Starting Workers

Note

Select a provider if you have not already.

The next step in defining a Provider is configuring how to start Parsl on newly-acquired resources. Starting Parsl occurs in two steps, each with their own Provider option:

  1. Defining how to connect to each new compute node (launcher)

  2. Defining how to initialize the computational information (worker_init)

Selecting a Launcher

Parsl uses Launchers to start workers on every node acquired by a Provider. Launchers are required when requesting more than one node per batch job from a cluster scheduler.

Parsl will use the same mechanism employed for launching MPI tasks across compute nodes. Consult the documentation or example scripts for a compute cluster to find how to launch MPI tasks, and then find the launcher script which matches.

No options are required in most cases.

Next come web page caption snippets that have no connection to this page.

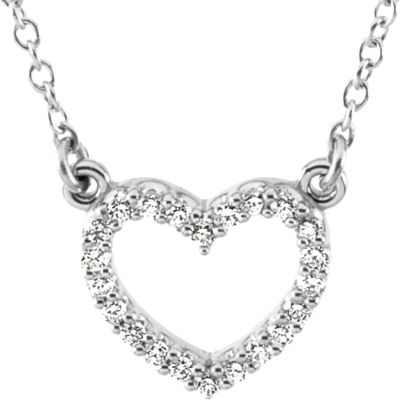1/8 ct tw Platinum Diamond Heart Necklace
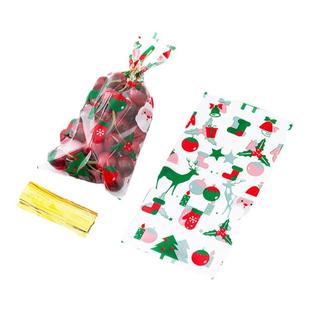 圣诞节平口袋礼品袋透明糖果雪花酥塑料包装袋圣诞老人烘培扎口袋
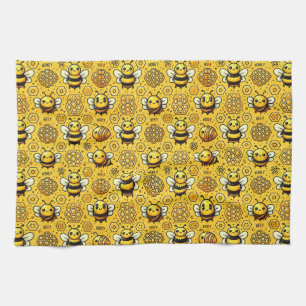 🐝 Cute Bijen Honingraat Keuken Decor 🌼 Theedoek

Simply import the Launcher class and provide an instance of the launcher to the launcher option of the Provider.

config = Config(
 executors=[
          ...
               provider=SlurmProvider(
                    ...
                    launcher=SrunLauncher(),
                    ...
               ),
          )
     ],
)

For example, the Polaris supercomputer at ALCF suggests to use mpiexec to start jobs and Parsl will use the MpiExecLauncher.

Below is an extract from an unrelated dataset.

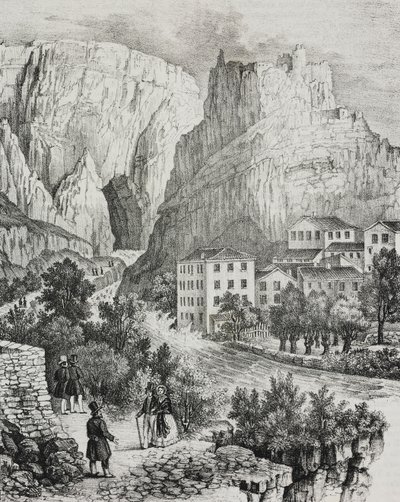Vista de Fontaine-de-Vaucluse, França, litografia de Sardi de Poliorama Pittoresco, n 51, 30 de Julho de Salvatore Puglia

Advanced: Configuring a Launcher

Common cases for configuring a launcher include:

  1. Defining binding between the Parsl processes and available cores of the computer, as when using Parsl on the Aurora supercomputer.

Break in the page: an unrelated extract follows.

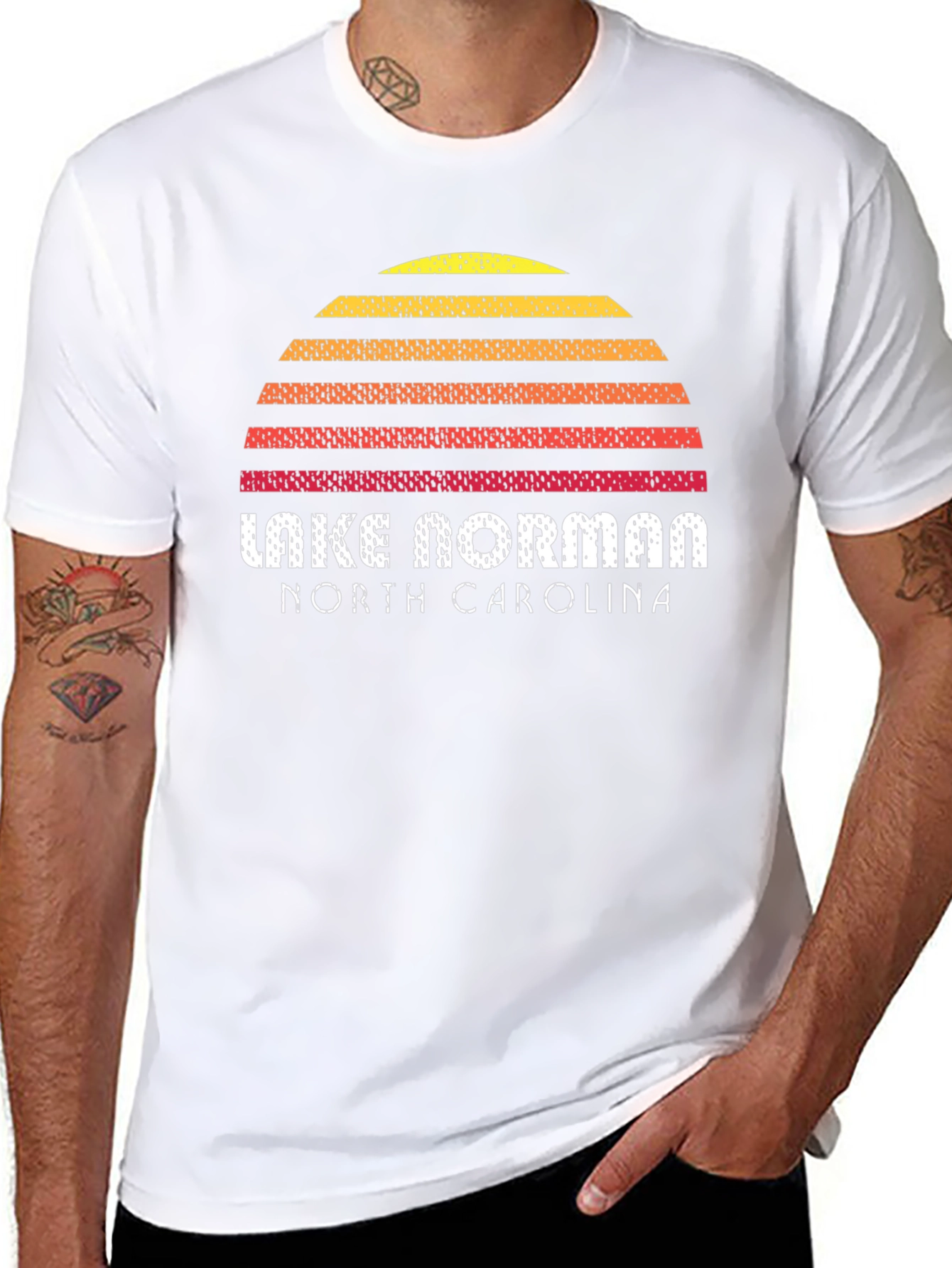 Lake Norman NC Retro Sunset T-Shirt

  2. Launching Parsl inside of Shifter containers by prepending the command to start Parsl with the WrappedLauncher.

Worker Initialization

The worker_init argument of all Providers accepts a script for readying a newly-acquired node to run Parsl. Worker initialization commands typically perform tasks such as:

  1. Activating the Python virtual environment which contains Parsl

  2. Loading modules and setting environment variables of codes invoked by Parsl Apps

  3. Launching services required for proper execution (e.g., port forwarding, NVIDIA MPS Daemons)

Most worker_init scripts activate a virtual environment then check that the proper version of Python is available.

config = Config(
     executors=[
          ...
               provider=SlurmProvider(
                    ...
                    worker_init="conda activate /path/to/conda/env; which python"
                    ...
               ),
          )
     ],
)

Note

Consider including commands which print information about a node (e.g., hostname) or the computational environment (e.g., echo $PATH) as part of the worker init to aid determining where Parsl is running or whether the init function created the desired environment.